Un livre sur le fantasme d'une vie

CHRONIQUES LITTÉRAIRES
Sansfin
Janvier 2010

Pia Petersen, un nom que l'on n'oublie pas, ses mots sont des empreintes et nos pas avancent à tâtons à chaque page que l'on tourne comme si nous tenions un flambeau. Une femme solitaire observe de sa fenêtre la vie des autres, elle s'immisce dans celle d'un homme pour croire qu'il existe des miracles.

Un livre sur le fantasme d'une vie, sur l'imagination qui exulte parce qu'il faut bien se procurer du plaisir pour échapper au chaos. Il y a ce qu'on est et ce que les autres font de nous.Ce personnage cherche une place sur cette terre, elle essaie de s'habituer à avancer sans les autres, elle est attachante par sa réflexion et sa détresse. On est maintenu avec elle au-dessus du vide et on a peur de ce qu'elle va voir, de ce qu'elle va découvrir, de ce qu'elle va croire.

Un livre sur la solitude, sur un fléau de société où l'amour a perdu des plumes à l'endroit des promesses où l'on devient vite quelqu'un d'autre. Une écriture sobre, vertigineuse comme une musique entêtante qui répond au silence.

De la très belle littérature. Pia Petersen a beaucoup de talent.

Extraits du roman:

Je me dis que c'est dur de découvrir sa propre solitude.On peut l 'oublier et j'y arrive presque tous les jours en m'inventant des subterfuges mais parfois le passé débarque, c'est quand je baisse la garde qu'il vient et me saute à la figure et là, c'est un vrai coup dur et ça me renverse. Il faut du courage pour vivre sans espoir de tendresse.

Je parie qu'ils doivent être nombreux à être seuls mais qu'ils ne le savent pas, ils ne s'en sont pas rendu compte et ils ont bien de la chance. La solitude est tellement plus supportable quand on ne sait pas qu'elle est là.

On n'est pas obligé de montrer ses faiblesses et c'est mal vu,d'être seul,c'est en quelque sorte ne pas être parfait et tout le monde veut la perfection et pour ça il faut être sollicité,avoir beaucoup d'amis et moi,je n'en ai pas,alors je prends tout ça en considérant et fais comme si j'avais beaucoup de travail et n'avais besoin de personne.

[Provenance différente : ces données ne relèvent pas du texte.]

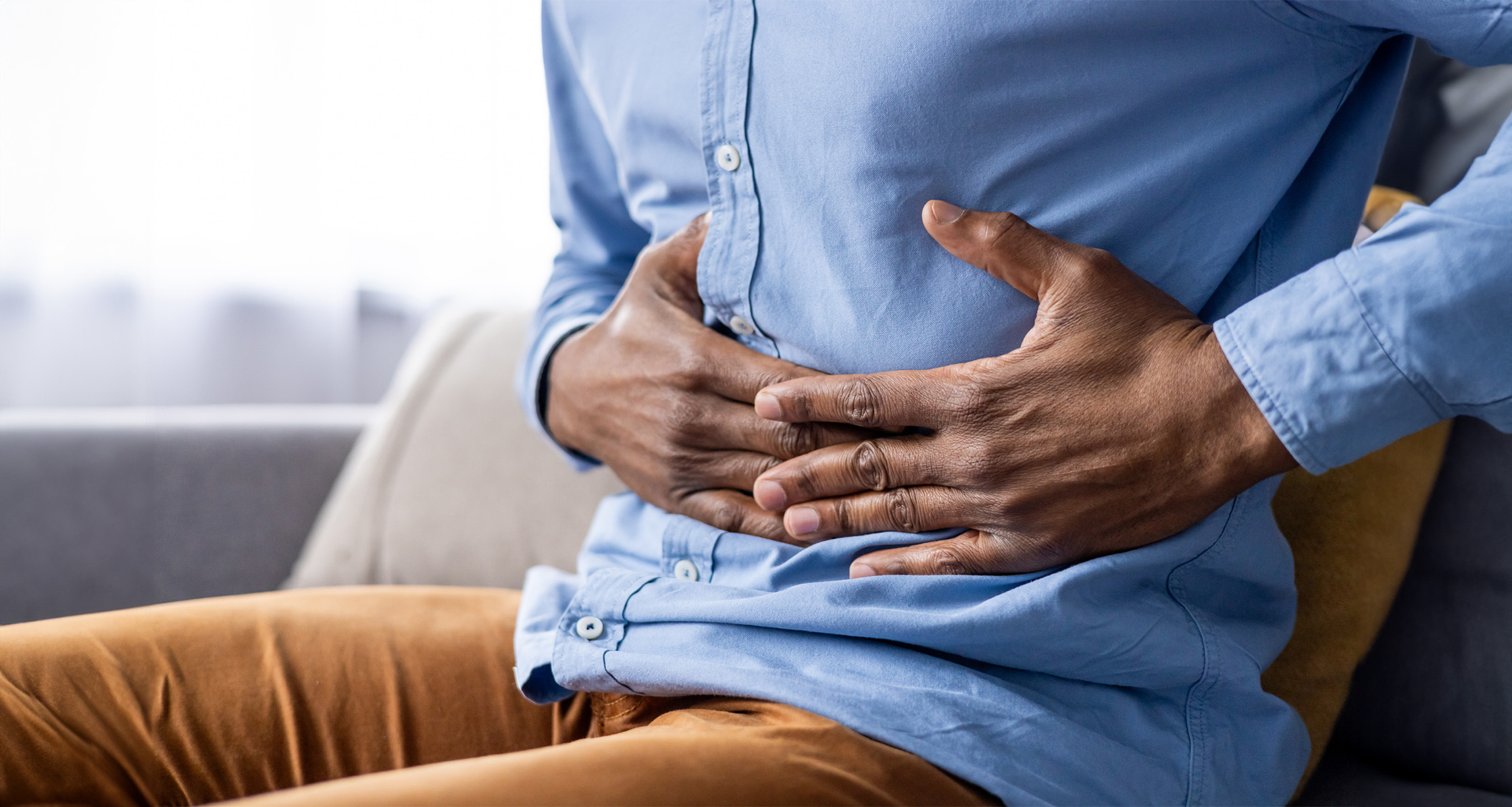 A man is shown clutching his stomach in pain, indicating gastrointestinal discomfort.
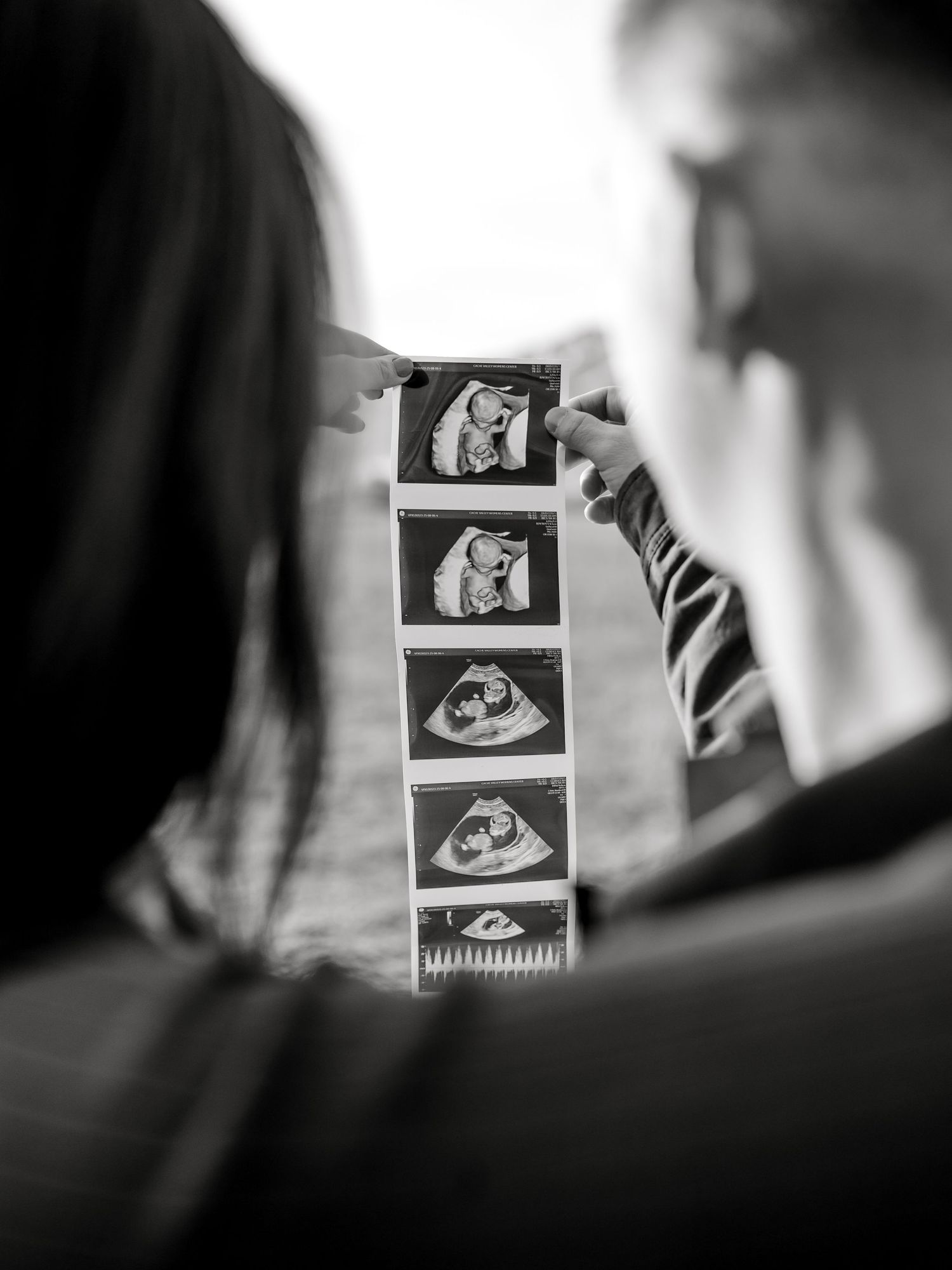 Utah Maternity Photos Maternity Photographer in Utah. Couple holding up ultrasound images of their unborn baby.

Faut savoir se libérer de la nostalgie, c'est ce que je me dis mais on ne fait pas forcément tout ce qu'on veut.

Mon contenu de vie se résume à une fenêtre et faute d'avoir une vraie, je vole celle des autres. Celle de l'homme en face. Luca. Je l'épie, l'espionne, je vis avec lui et il ne le sait pas, il n'en sais rien et pourtant il me sauve de ma solitude et il donne un sens à ma vie, un peu d'amitié et une possibilité de rêver et où est le mal ? Pourtant, si on savait, on dirait sans doute que je suis malsaine ou folle ou quelque chose comme ça. Un voyeur. Je me rends coupable de voyeurisme et ça, c'est justifié seulement si ça passe par les médias ou par le net ou par les caméras dans la rue, là on dit que c'est de la télé-réalité ou de la surveillance et du maintien de l'ordre, mais moi je suis coupable de voyeurisme et je vole la vie de l'homme en face qui n'en sait rien.

Parfois,il faut se supporter. Je vais dans la cuisine et ouvre le frigo et sors une bouteille et je la vide presque d'un seul coup puis je danse avec ma solitude, la bouteille dans mes bras, je me dis qu'on est amoureux et j'ai le droit d'y croire, non ? Il faut bien croire en des choses. Sinon, il reste quoi ? Il le saura un jour que je l'aime puis je tombe et c'est le black-out.